Desse modo, a nosso ver, deverá assim ser a postura do Delegado de Polícia, notadamente por se tratar do primeiro operador do Direito, por exigência constitucional, a analisar o fato-bruto apresentado no crepitar dos acontecimentos, na Delegacia de Polícia, repartição onde diuturnamente, sem exceção, se ouve o grito das ruas, orumor da multidão e o rangido da tragédia humana.

Mas não se deseja com essas considerações, todavia, se manter enraizado ao sistema processual penal arcaico, mas sim interpretar o Direito, diferentemente da grande maioria, no contexto da atividade de Polícia Judiciária, e conseqüentemente nos mantermos alinhados aos Tribunais Superiores.


Notas

  1. BARROS, Flávio Augusto Monteiro de.

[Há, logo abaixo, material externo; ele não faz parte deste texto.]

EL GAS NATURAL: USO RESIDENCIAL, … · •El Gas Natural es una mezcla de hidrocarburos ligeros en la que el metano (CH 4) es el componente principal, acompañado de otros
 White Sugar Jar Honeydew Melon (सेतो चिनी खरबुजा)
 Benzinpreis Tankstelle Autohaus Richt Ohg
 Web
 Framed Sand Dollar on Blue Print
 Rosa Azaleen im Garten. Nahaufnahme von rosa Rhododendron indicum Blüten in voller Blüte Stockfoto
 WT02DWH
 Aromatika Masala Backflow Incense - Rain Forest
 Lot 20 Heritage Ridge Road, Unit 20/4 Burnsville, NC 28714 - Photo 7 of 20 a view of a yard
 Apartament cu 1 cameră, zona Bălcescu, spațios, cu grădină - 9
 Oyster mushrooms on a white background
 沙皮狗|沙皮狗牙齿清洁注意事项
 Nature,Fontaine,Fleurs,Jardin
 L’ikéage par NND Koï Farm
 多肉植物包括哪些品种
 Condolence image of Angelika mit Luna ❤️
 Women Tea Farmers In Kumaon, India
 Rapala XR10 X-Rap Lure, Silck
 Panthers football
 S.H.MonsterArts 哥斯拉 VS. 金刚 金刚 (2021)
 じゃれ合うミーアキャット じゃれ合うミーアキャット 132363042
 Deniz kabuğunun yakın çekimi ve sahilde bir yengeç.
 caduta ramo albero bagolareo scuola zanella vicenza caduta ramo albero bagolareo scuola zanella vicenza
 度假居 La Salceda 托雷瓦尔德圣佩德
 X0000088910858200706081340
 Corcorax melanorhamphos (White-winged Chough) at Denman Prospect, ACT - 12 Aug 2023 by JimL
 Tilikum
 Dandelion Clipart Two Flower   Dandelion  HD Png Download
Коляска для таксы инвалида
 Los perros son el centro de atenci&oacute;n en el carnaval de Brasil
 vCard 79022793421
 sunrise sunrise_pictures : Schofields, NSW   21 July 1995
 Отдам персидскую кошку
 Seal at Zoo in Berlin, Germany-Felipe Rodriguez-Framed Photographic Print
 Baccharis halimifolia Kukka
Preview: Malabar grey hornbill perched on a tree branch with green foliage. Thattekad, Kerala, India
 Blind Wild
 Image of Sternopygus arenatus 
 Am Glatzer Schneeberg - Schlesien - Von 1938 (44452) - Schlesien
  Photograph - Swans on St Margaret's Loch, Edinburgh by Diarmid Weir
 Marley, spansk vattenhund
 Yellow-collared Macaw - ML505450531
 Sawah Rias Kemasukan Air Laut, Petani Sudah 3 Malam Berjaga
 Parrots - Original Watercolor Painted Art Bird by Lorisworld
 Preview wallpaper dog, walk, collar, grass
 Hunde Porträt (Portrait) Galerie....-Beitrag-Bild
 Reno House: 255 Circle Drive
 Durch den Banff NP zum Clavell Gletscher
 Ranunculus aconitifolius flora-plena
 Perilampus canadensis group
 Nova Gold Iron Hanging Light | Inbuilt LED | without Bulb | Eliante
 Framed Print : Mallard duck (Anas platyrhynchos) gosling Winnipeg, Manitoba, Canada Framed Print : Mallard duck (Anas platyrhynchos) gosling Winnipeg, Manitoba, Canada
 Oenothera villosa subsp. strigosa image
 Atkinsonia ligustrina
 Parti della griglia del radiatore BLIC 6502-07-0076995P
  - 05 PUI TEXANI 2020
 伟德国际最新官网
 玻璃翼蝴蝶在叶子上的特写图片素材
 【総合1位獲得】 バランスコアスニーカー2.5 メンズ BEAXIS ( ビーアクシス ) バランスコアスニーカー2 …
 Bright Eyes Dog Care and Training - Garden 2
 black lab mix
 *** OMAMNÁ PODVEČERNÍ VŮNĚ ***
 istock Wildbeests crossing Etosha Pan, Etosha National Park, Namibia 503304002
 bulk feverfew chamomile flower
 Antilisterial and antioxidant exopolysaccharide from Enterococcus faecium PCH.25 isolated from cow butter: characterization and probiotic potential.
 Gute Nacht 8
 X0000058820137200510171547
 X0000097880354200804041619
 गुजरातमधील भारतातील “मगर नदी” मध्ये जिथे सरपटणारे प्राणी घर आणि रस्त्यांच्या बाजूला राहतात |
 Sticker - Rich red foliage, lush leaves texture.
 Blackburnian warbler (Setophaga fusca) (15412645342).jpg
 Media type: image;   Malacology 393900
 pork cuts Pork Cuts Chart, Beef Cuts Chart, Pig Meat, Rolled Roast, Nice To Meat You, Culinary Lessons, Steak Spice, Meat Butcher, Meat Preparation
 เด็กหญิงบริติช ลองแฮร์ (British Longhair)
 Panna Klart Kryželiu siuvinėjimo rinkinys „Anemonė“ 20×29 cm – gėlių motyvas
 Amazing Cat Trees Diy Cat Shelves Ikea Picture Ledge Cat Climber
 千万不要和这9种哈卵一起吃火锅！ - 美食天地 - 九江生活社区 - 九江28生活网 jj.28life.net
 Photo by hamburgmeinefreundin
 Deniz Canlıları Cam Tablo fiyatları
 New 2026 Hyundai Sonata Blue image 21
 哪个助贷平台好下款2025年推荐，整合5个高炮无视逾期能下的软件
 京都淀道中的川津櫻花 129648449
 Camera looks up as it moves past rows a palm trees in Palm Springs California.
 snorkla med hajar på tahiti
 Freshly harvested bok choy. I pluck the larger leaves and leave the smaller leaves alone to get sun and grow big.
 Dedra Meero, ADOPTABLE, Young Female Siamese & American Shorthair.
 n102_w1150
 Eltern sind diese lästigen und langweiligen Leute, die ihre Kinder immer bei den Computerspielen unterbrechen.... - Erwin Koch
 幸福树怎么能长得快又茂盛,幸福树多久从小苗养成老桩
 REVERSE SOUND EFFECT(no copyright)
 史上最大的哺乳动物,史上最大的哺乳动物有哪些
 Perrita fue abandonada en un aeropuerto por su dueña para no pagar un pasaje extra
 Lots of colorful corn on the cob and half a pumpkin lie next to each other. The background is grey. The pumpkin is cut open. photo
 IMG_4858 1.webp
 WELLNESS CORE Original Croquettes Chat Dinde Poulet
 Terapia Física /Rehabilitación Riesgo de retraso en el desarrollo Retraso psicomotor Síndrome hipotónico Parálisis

Direito Penal. 5. ed., São Paulo: Saraiva, p. 500-501.
  2. Hans-Georg Gadamer apud Eros Grau, in: GRAU, Eros. Ensaio e discurso sobre interpretação/aplicação do Direito. 3. ed. São Paulo: Malheiros, 2005, p. 116.
  3. Texto da palestra ministrada no Auditório da Academia da Polícia Civil de São Paulo, em 20 de março de 2009, p. 10.
  4. NUCCI, Guilherme de Souza. Código de Processo Penal Comentado, 9ª Edição, editora RT, p. 79.
  5. GRAU, Eros Roberto, Ob. Cit., notas introdutórias (XI e XVIII).
  6. CDC, art. 22, caput.
  7. HUNGRIA, Nélson: Comentários ao Código Penal. Forense: Rio de Janeiro, 1958.